Julian jest niemieckim trębaczem preferującym delikatne i obłe brzmienie, a Roman rasowym pianistą, czasami też perkusistą czy basistą. Bracia Wasserführ tworzą od dwóch dekad zgrany duet zwany przez nich "najmniejszym zespołem świata", a do współpracy zapraszają znanych muzyków. Tym razem zaproszenie dostał ponownie wiolonczelista Jörg Brinkmann oraz saksofonista Paul Heller, który dołączył do tria w dwóch utworach.
Repertuar płyty "Safe Place" wypełniają kompozycje własne braci oraz interpretacja popularnego tematu "Fields of Gold" autorstwa Stinga. Utwory zaaranżowane przez braci mają charakter wyraźnie tonizujący i stanowią doskonałe antidotum na zrelaksowanie się po ciężkim dniu, co nie oznacza absolutnie, że płyta ma własności usypiające.

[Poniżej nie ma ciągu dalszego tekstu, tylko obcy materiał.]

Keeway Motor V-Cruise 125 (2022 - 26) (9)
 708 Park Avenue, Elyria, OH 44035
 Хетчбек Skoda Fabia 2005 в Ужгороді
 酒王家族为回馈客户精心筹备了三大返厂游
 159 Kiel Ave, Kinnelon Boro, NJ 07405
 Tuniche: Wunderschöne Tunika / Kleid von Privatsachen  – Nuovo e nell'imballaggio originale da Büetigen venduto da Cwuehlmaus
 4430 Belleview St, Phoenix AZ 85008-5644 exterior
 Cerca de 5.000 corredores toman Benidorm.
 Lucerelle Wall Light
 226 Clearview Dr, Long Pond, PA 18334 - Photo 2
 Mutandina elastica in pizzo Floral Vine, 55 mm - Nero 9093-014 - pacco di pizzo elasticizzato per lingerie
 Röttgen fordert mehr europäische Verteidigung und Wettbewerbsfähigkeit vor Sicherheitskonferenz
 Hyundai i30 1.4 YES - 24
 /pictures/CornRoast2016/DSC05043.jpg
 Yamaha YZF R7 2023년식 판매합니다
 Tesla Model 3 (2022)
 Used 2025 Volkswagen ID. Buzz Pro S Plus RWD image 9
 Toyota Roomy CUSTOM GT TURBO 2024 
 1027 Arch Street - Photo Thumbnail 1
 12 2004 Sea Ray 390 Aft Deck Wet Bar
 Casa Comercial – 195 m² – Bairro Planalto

Choć ton flugelhornu Juliana Wasserführa może przypominać brzmienie uformowane niegdyś przez Chucka Mangionego, to grę tego pierwszego cechuje większa dawka finezji, a formowane frazy improwizacji są bogatsze. Fortepian występuje najczęściej w roli akompaniującej, a w pełni zaprezentował się pod palcami Romana Wasserführa w utworze "Movimiento".
Wiolonczela pięknie harmonizuje grę trąbki i fortepianu; szkoda, że nie było okazji, aby pojawiła się na pierwszym planie. Wyraźniejsze ożywienie akcji nastąpiło wraz z dojściem saksofonu w utworach "Solitude" i "El Caballo Valiente".